Maurizio Vitale wrote:
"Phil Endecott" <spam_from_boost_dev@chezphil.org> writes:
- My concerns about how to do, for example, a 32x32->64-bit multiply efficiently without actually doing a 64x64->64-bit multiply.
I don't see too many ways out. One thing people do is to shift right by 16 both operands, do a 16x16->32 and then shift the result left by 32. (e.g. compute (x/2^16 * y/2^16)*2^32). This maintains at least the magnitude of the result, but whether it is acceptable or not depends on the application domain.
No, I'm not interested in anything with loss of precision.
Btw, X86_64 gives you 64x64->128, I think.
That's interesting. Is there any way to use that from C++? Of course, it also has a relatively efficient 32x32->64 because it has a single instruction for 64x64->64. So any code for this problem would have to be architecture-specific. But here is the sort of thing that I am thinking about for machines that only have 32x32->32: In these figures, each letter represents 16 bits. If I want to do 32x32->64, I need to break up the two operands into two 16-bit portions and do this calculation: A B x C D --------- B*D A*D C*B A*C --------- So that's 4 multiplies. This compares to the naive method where, in C++, I first cast to 64-bits and the compiler generates a 64x64->64 multiply like this: A B C D x E F G H ----------------- D*H C*H G*D B*H C*G F*D A*H B*G F*C E*D ------------------ That uses 10 multiplies. You don't need to do e.g. A*E as it falls off the most significant end of the result. (Have I got that right?) If you are lucky there might be some run-time zero detection that simplifies it a bit (e.g. in gcc this is done in a library function). But even then detecting it at compile time by explicitly asking fora 32x32->64 multiplication would still be better. (Is this sort of integer arithmetic of interest to people, other than as the implementation of fixed point? I believe there was a big-int SoC proposal; does that overlap with this?)
I've seen in your code that you allocate one more bit than requested by the user in order to detect overflow. As you note this is problematic when you hit the machine operand length. In those cases, besides checking the msbs before and after you can also use the carry flag. It can be accessed through inline asm instruction, or used implicitely via conditional branches and conditional moves.
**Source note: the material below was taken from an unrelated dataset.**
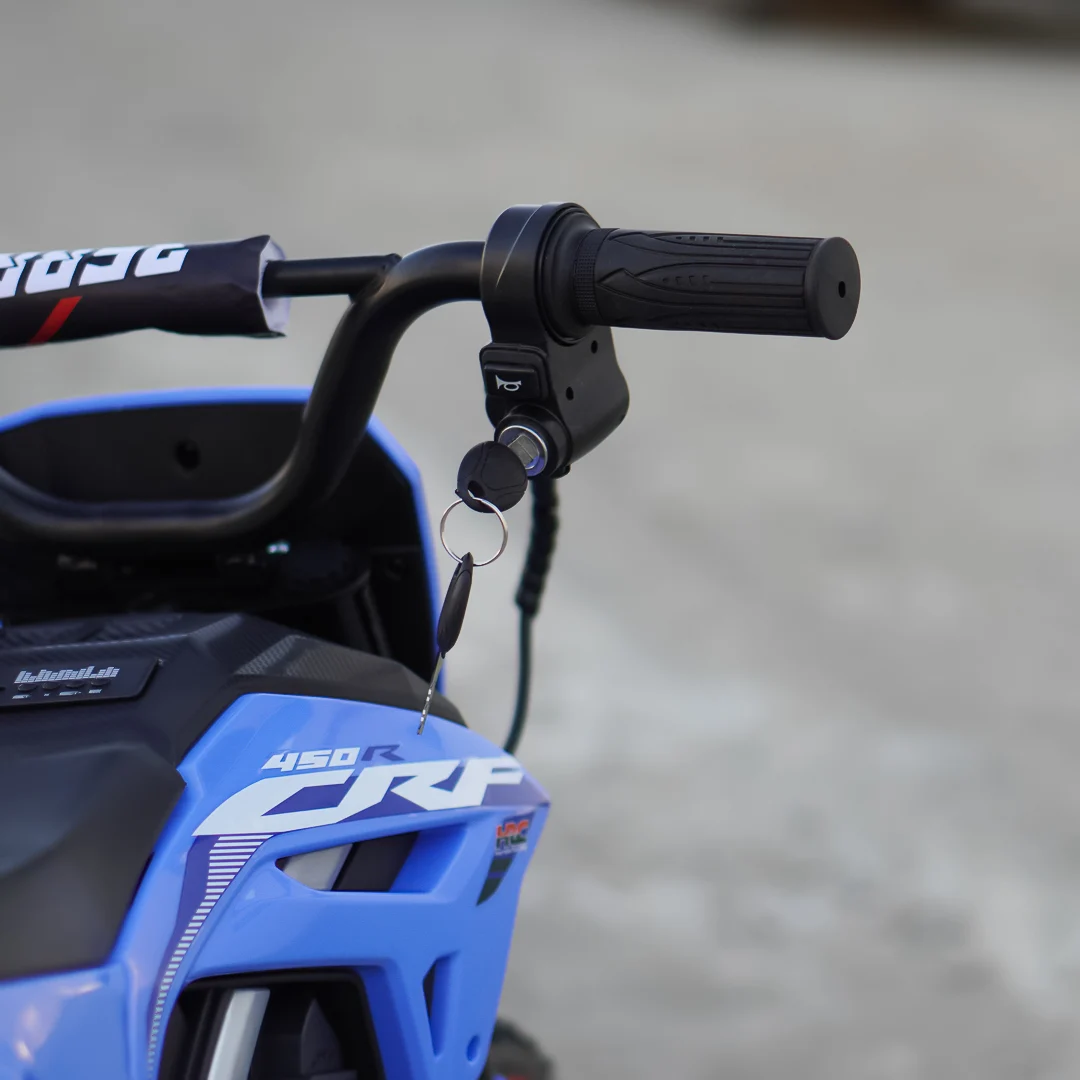 Motocicleta electrica pentru copii 5-10 ani, Honda CRF450 250W, 24V, roti gonflabile, albastra [11]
Yes. Storing a 32-bit safe_int in 32 bits is significantly harder than storing a 31-bit one, however you do it. I believe that most of the time when we ask the compiler for an 'int', we don't really care exactly how many bits it has and making a 31-bit value your default safe_int so that it can use the relatively easy guard bit implementation would be a good enough solution. Regards, Phil.